You still have to pay the tax at the end, but the good news is that even with that it’s faster than its predecessor.
HDR Efex Pro 1.203 – 96.1 seconds max
The number one thing I hated about this product was its horrible performance, and doing this testing reminded me why. It took 65.8 seconds after hitting Create HDR button (all options checked) (or 9.0 seconds after hitting Create HDR button with just ghosting checked). Of course, the ghosting support in this product was as bad as the in-camera result, so some probably found it better to run it with no options.
Once you are done tone mapping then it took 30.3 seconds after hitting OK before you were ready to work in Photoshop.
This app is just a slow turd that is a headache to use, so I’m glad to bid it farewell in favor of its faster and much better replacement.
Adobe Photoshop CS6 Merge to HDR Pro Feature – 31.3 seconds max
Photoshop CS6 Photorealistic Edited Version (mouse over to see default version)
It took about 19.6 seconds to get from the dialog above to the Merge to HDR Pro tone mapping UI (which has to be the worst ever user-interface in my opinion).
After clicking OK here it took another 11.7 seconds before I could work on the image in Photoshop. This makes Photoshop the fastest thing outside of the camera processor to make an HDR image. Its feature set and usability suck, but if you are tight on cash then it can get the job done in a hurry. Personally I never use it though.

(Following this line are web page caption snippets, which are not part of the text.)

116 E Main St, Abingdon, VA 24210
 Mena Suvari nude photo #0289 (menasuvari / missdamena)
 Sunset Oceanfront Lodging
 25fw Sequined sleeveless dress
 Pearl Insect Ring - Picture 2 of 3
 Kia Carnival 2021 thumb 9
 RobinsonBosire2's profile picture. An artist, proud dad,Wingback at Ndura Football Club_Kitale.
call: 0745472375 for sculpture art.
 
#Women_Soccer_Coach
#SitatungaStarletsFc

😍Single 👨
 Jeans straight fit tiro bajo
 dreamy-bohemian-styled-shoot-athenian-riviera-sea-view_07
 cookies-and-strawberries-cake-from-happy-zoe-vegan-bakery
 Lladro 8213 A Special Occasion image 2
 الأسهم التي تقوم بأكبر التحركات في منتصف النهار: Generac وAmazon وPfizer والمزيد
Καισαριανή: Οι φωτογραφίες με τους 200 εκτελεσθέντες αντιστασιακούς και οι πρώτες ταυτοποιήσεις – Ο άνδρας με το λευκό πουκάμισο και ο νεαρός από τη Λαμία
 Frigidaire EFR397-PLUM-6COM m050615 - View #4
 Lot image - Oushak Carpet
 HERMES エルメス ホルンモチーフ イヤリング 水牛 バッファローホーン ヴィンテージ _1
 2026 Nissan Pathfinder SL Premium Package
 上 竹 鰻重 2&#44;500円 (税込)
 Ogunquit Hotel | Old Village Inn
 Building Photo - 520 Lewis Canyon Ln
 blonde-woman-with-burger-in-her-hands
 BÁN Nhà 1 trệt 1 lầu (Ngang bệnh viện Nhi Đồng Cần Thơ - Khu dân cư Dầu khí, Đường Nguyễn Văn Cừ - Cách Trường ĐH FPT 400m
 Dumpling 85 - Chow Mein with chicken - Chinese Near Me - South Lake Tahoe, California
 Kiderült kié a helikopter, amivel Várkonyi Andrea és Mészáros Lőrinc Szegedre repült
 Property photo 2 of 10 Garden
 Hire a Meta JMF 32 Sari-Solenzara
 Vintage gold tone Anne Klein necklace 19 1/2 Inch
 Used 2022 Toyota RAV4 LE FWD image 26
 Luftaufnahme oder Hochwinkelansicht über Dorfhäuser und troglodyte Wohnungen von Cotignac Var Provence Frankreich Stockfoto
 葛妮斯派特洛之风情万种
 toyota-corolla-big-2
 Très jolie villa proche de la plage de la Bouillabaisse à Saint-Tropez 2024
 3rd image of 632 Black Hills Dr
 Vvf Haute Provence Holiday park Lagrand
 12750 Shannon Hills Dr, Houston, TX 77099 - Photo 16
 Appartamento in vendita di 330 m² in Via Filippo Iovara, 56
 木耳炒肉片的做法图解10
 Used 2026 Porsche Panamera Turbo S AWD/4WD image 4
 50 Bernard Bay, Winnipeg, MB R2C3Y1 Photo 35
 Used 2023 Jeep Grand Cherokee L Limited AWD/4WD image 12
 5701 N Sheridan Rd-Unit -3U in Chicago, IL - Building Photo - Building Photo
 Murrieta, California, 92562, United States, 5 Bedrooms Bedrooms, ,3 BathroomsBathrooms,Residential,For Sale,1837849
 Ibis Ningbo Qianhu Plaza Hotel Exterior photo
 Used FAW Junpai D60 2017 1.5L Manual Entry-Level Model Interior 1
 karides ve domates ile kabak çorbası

After spending time with all of these products, I still respect what Photomatix brings to the table but HDR Efex Pro 2 isn’t terrible anymore. This is a big statement too because I didn’t care for HDR Efex Pro 1 due to its complex UI and sluggish performance. Those issues have been addressed such that it’s now my go to product. Photomatix still does a great job and its ghost selection mode feature shown below is something I really wish Nik would have added to HDR Efex Pro using U-Point controls:
I’m finding myself doing more HDR’s now thanks to the Canon 5D Mark III’s built-in HDR feature which keeps the bracketed exposures (in JPEG + RAW if you want) in addition to the file it creates. The in-camera file gives me an idea of issues I might run into at home using software, so I can identify issues in the field that I’d normally miss (i.e., gross alignment issues like the one below):
In-camera HDR is no gimmick – it can help you spot alignment issues in the field
Photoshop CS6’s speed makes it an option for those who are on a tight budget or who enjoy its nasty sliders, but realistically it’s just not for me. It may be fast, but I just take longer to get the results I want with it which negates its performance benefit and I’m rarely happy with the final result.